Entre enero de 2000 y enero de 2001 trabajé como telemarketer en La Ley, una editorial muy prestigiosa que trabaja para abogados y contadores.
Fue mi mejor experiencia dentro de los call centers y del capitalismo tardío, fin del menemismo, principio de la alianza, justo antes de que todo se fuera a la mierda.
Y lo recordé por un detalle que parece absurdo pero no lo es.
Con los años de meditación he descubierto que mi problema es una angustia que está escondida y que me genera ansiedad, huir del momento presente porque cada tanto y sobretodo en los momentos que más me importan, me invade la sensación de que todo va a salir mal. Y huyo.
Cuando hice el psicotécnico eso saltó y luego me lo informó mi supervisora, con la que tuve un par de entrevistas antes de entrar.
Ya empezó todo bien, con buena leche, cuando tu supervisora te dice que el psicotécnico te dio mal porque no hay nada peor para un vendedor que ser negativo, no tener actitud ganadora. Pero ella me dijo que le había caído bien, que me daba la oportunidad y que creía en mi.

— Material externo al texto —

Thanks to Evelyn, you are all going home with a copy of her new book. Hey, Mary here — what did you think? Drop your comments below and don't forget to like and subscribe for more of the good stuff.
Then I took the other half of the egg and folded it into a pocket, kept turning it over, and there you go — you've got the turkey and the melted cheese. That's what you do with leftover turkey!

Eso fue una verdadera escuela de marketing, con constante capacitación y buena onda. Me pasaron mil cosas geniales, tendría que escribir una novelita con todo eso, me mandé mil cagadas y me las perdonaron, me tuvieron paciencia. Para que yo me terminara yendo ofendido como un boludo.

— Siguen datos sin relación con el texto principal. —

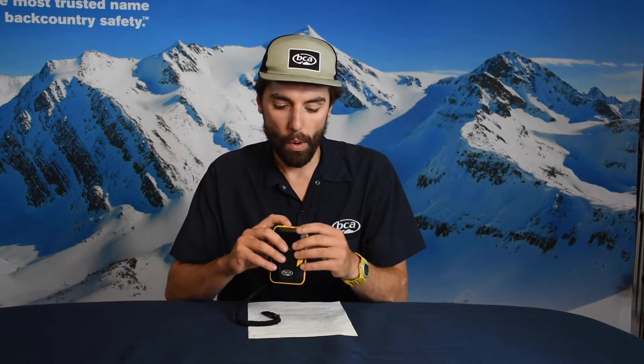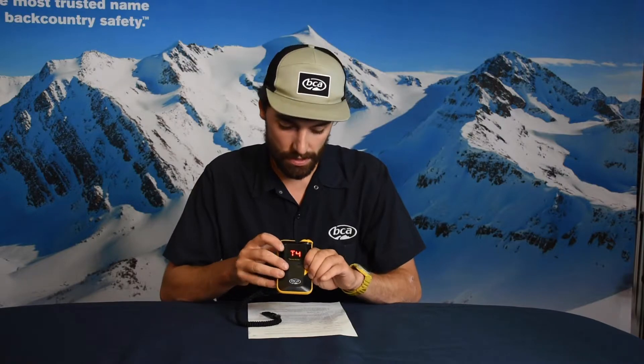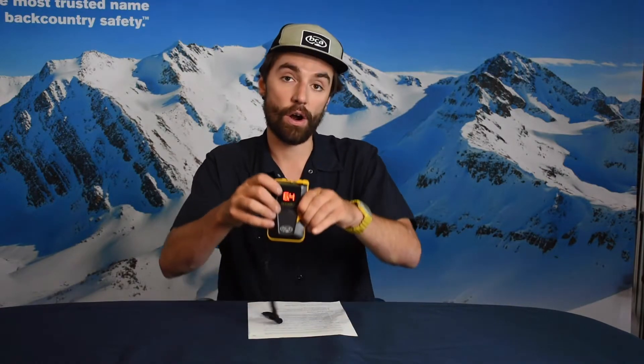Question three: how do I know which software my transceiver has? On the Tracker 3 and the Tracker 4, what you're going to want to do is turn on that beacon, hold down that options button — you get T4 — it'll flash R and then it'll flash what software it has.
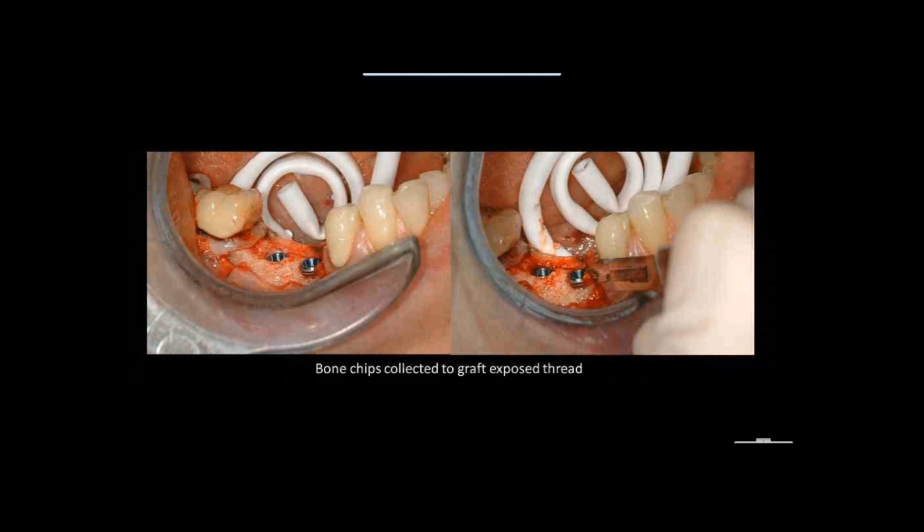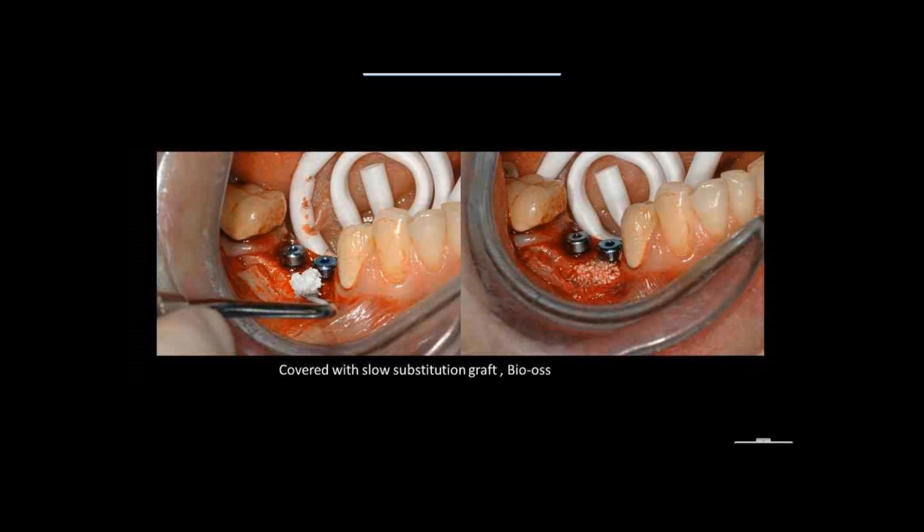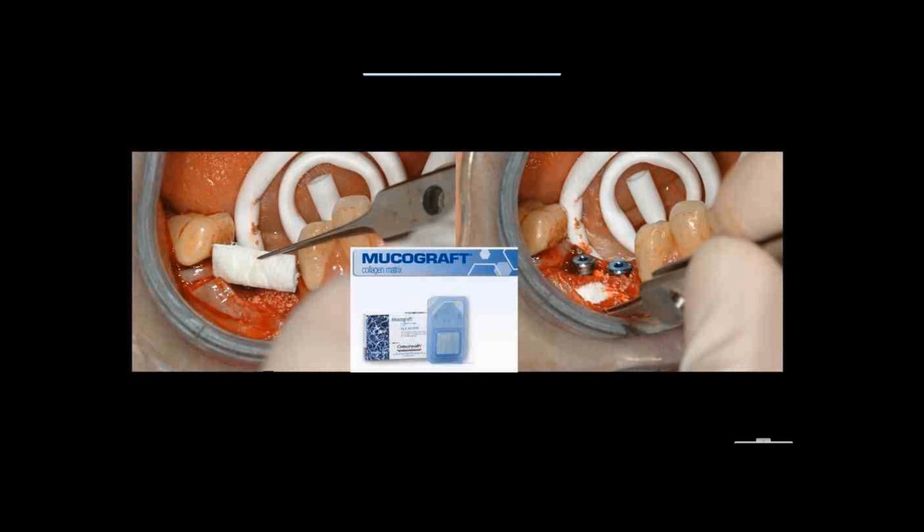The implants have been placed and we have a little bit of exposure on the buccal of our first implant. We use a small scalpel to graft a little bit of the bone we have on one side. We now have a little of the patient's own bone on the buccal. Then we add some non-resorbable or very low-resorbable material — in this case bio-oss — to protect that site. From Osseo Health, instead of going to the palate for connective tissue, I use mucograft from the box and place it on the buccal.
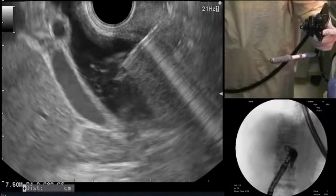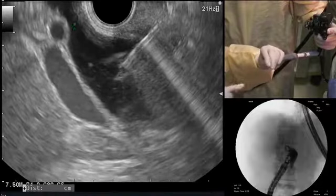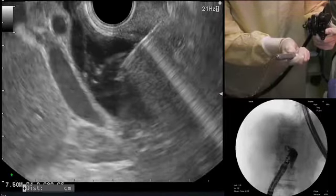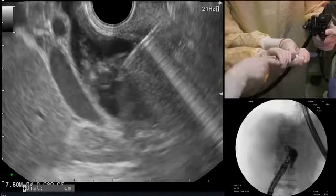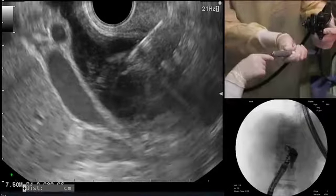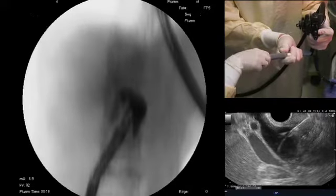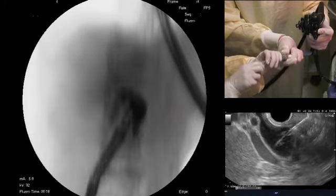In terms of the anatomy, we have the portal vein, the hepatic artery, and the bile duct here — and this is possibly even the takeoff of the cystic duct as we saw earlier. What we want to make sure of is that our wire is going up into the common hepatic duct and not into the cystic duct, so that's why we are using fluoroscopy. Here's our wire coming in — the wire is actually going downstream, the wrong direction. We want it to go upstream.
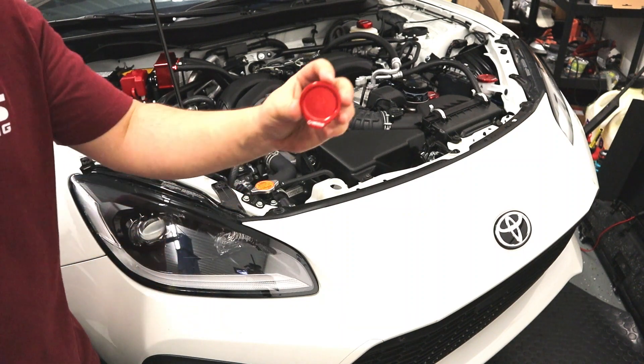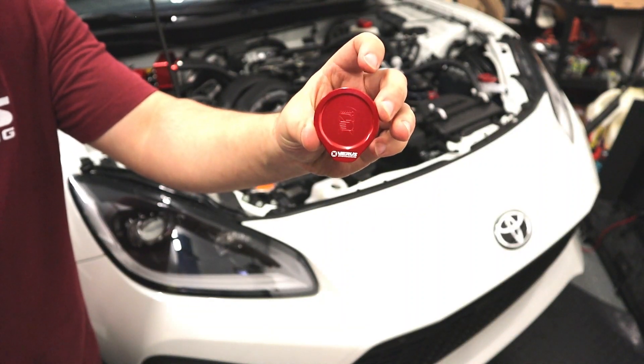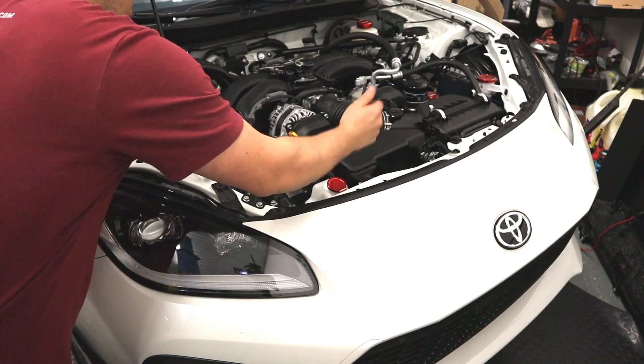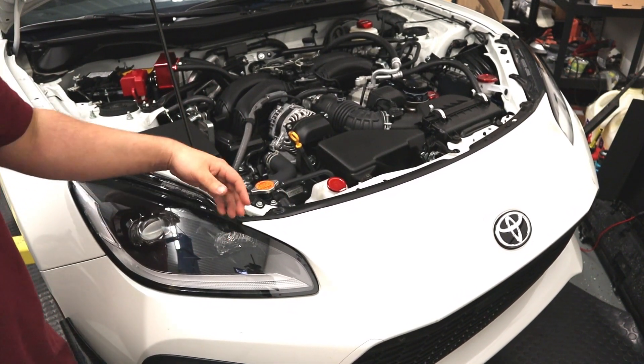Step three: install the beautiful Veris Engineering coolant overflow cap. Make sure you have a positive click, and now you're done. That wraps up the install — very quick and easy.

También recuerdo la lectura de "La empresa de vivir" del filósofo Tomás Abraham y eso que leía era lo que vivía en mi trabajo.
Se ve que triunfar en el neoliberalismo salvaje no era lo mío y que de alguna forma intuí como terminaría todo en el país unos meses después.
A la vez la empresa comenzaba a ser absorbida por una multinacional yanqui así que también viví eso que habían sido los noventas y que hoy se repite en Argentina.
Ciclos que van y vienen, la ideología y entrenamiento del empleado de venta telefónica como si fuera un seductor que tiene que aprender a levantarse minas.
La empresa de vivir y esa filosofía berreta de retroceder nunca, rendirse jamás.